Our targets pipelines in R use a makefile file to orchestrate the connections among files, functions, and phases. In this issue, we're going to develop a basic understanding of how these files work, starting with the anatomy of the _targets.R file.
Setting up a targets data science pipeline
In addition to phases (which we covered in https://github.com/amsnyder/ds-pipelines-targets-1/issues/3#issuecomment-918556583), it is important to decompose high-level concepts (or existing scripts) into thoughtful functions and "targets" that form the building blocks of data processing pipelines. A target is a noun we use to describe a tangible output of a function, which is often a file or an R object. Targets can be used as an end-product (like a summary map) or as input into another function to create another target.
To set up a targets pipeline, you will need to create the base makefile named _targets.R that will declare and orchestrate the rest of the pipeline connections.
A simple version of _targets.R might look something like this:
This file defines the relationships between different "targets" (see how the target model_RMSEs_csv is an input to the command that creates the target eval_data?), tells us where to find any functions that are used to build targets (see the source call that points you to code.R), and declares the package dependencies needed to build the different targets (see the target_option_set() command that passes in a vector of packages).
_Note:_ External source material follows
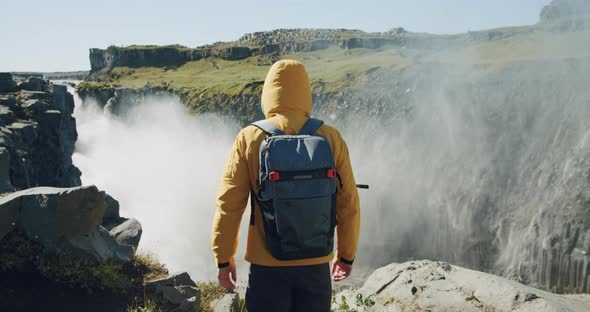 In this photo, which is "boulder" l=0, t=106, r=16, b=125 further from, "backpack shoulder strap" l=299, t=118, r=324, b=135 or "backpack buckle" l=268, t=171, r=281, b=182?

We'll briefly explain some of the functions and conventions used here. For more extensive explanations, visit the targets documentation.
As you would with normal R scripts, put any source commands for loading R files and library commands for loading packages at the top of the file. The packages loaded here should be only those needed to build the targets plan; packages needed to build specific targets can be loaded later.
Declare each target by using the function tar_target() and passing in a target name (name arg) and the expression to run to build the target (command arg).
There are two types of targets - objects and files. If your target is a file, you need to add format = "file" to your tar_target() call and the command needs to return the filename of the new file.
Setup the full pipeline by combining all targets into a single list object.
There are 2 ways to define packages used to build targets: 1) declare using the packages argument in tar_option_set() in your makefile to specify packages used by all targets or 2) use the packages argument in individual tar_target() functions for packages that are specific to those targets.
model_RMSEs_csv shows up two times - why? model_RMSEs_csv is the name of a target that creates the file model_RMSEs.csv when the command download_data() is run. When passed in as input to other functions (unquoted), it represents the filename of the file that was created when it was built. So when model_RMSEs_csv shows up as an argument to another function, process_data(), it is really passing in the filename. The process_data() function then reads the files and changes the data (or "processes" it) in some way.
We're going to start with this simple example, and modify it to match our pipeline structure. This will start by creating a new branch, creating a new file, adding that file to git tracking, and opening a new pull request that includes the file:
:keyboard: Activity: get your code plugged into a makefile
First things first: We're going to want a new branch. You can delete your previous one, since that pull request was merged.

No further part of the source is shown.